O famoso Quilombo do Campo Grande, confederação quilombola cuja capital foi a Primeira Povoação do Ambrósio, que por ocasião da Guerra Quilombola de 1746 se localizava a norte do atual município de Cristais-MG, tinha então os seus quilombos confederados esparramados por todo o Centro-Oeste de Minas Gerais, abrangendo os territórios dos atuais municípios de Aguanil, Cristais, Guapé, Piumhi, Formiga, Pains e Arcos.
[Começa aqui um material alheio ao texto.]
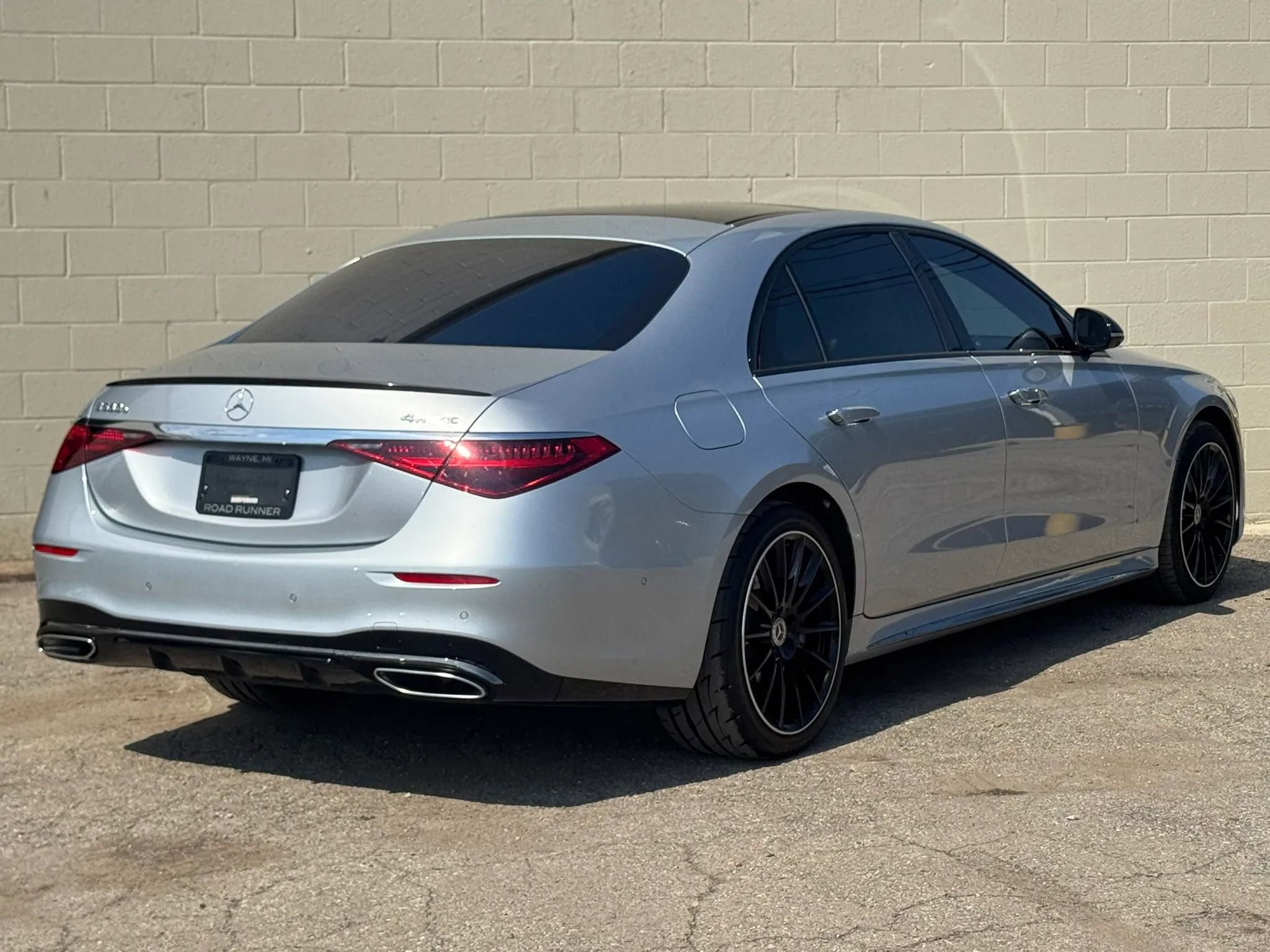 Used 2023 Mercedes-Benz S 580e 4MATIC Sedan w/ AMG Line image 8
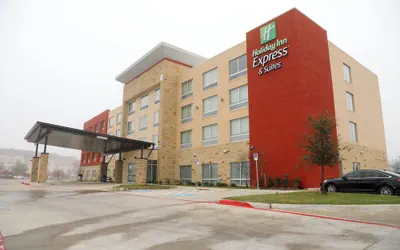 Photo 2 - Holiday Inn Express & Suites Forney by IHG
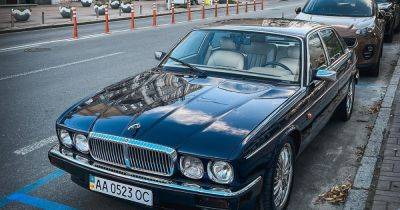 Гость из прошлого: в Украине заметили роскошный седан Jaguar 80-х (фото)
Essa confederação quilombola abrigava NAO SÓ a escravos fugidos, MAS TAMBÉM a pretos forros com seus escravos e brancos pobres também com seus escravos, TODOS eles fugidos do Sistema Tributário da Capitação, o imposto mais cruel e sanguinário que se viu nas Minas Gerais, causa direta do maior genocídio da América do Sul (somadas as mortandades das Guerras Quilombolas de 1746 e de 1759/60).
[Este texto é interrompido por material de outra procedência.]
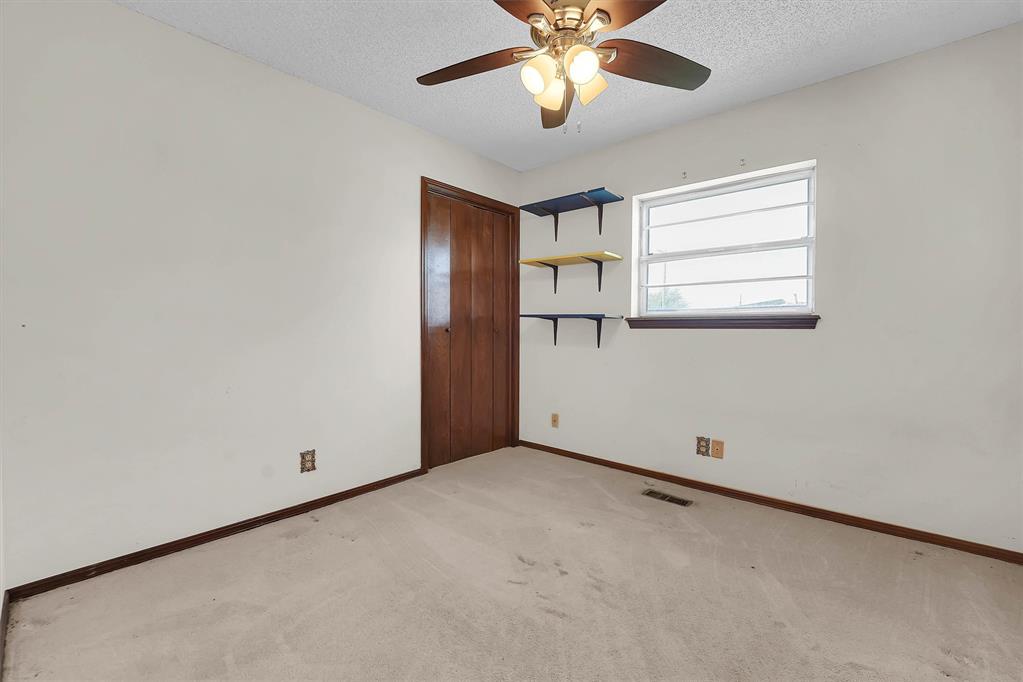 200 W Quail Drive Property Photo 16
O Governador Gomes Freire de Andrada NÃO conseguiu derrotar e nem destruir o Primeiro Quilombo do Ambrósio em 1746. O Rei Ambrósio continuou VIVO e a liderar os quilombolas, transferindo sua capital para a região entre as atuais cidades de Campos Altos e Ibiá, então na Comarca (depois Capitania) de Goiás, hoje, Minas Gerais, multiplicando seus quilombos confederados na região dos atuais Alto Paranaíba, Triângulo e Sudoeste de Minas.
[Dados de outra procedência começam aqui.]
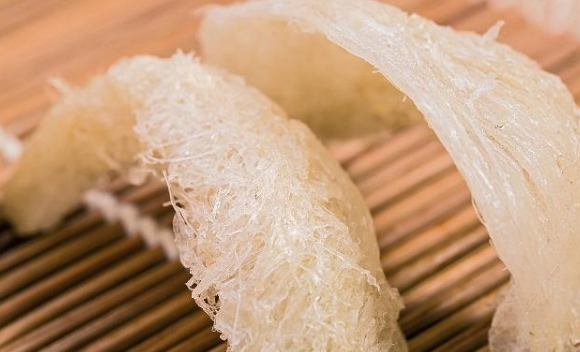 燕窩的功效與作用是什么？吃燕窩對人體有哪些好處？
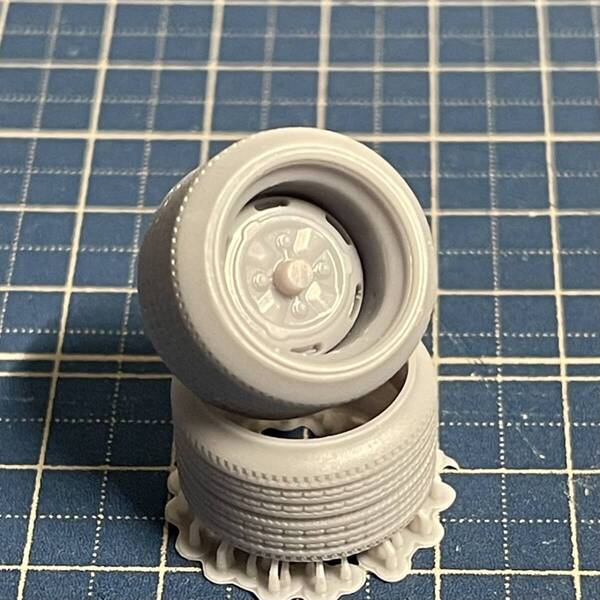 1/24スケール 13インチ ホイール鉄チンC 4h&トレッド付引っ張りタイヤセット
A Confederação Quilombola do Campo Grande resistiu bravamente até 1759-1760 quando, finalmente, foi destruída pelas tropas de Gomes Freire, sendo que o Rei Ambrósio pereceu provavelmente em 7 de setembro de 1759 na batalha do Quilombo da Pernaíba (quilombo localizado à nordeste da atual cidade de Patrocínio), onde vendeu caro a sua vida em troca da liberdade, da dignidade e da honra do Povo Negro.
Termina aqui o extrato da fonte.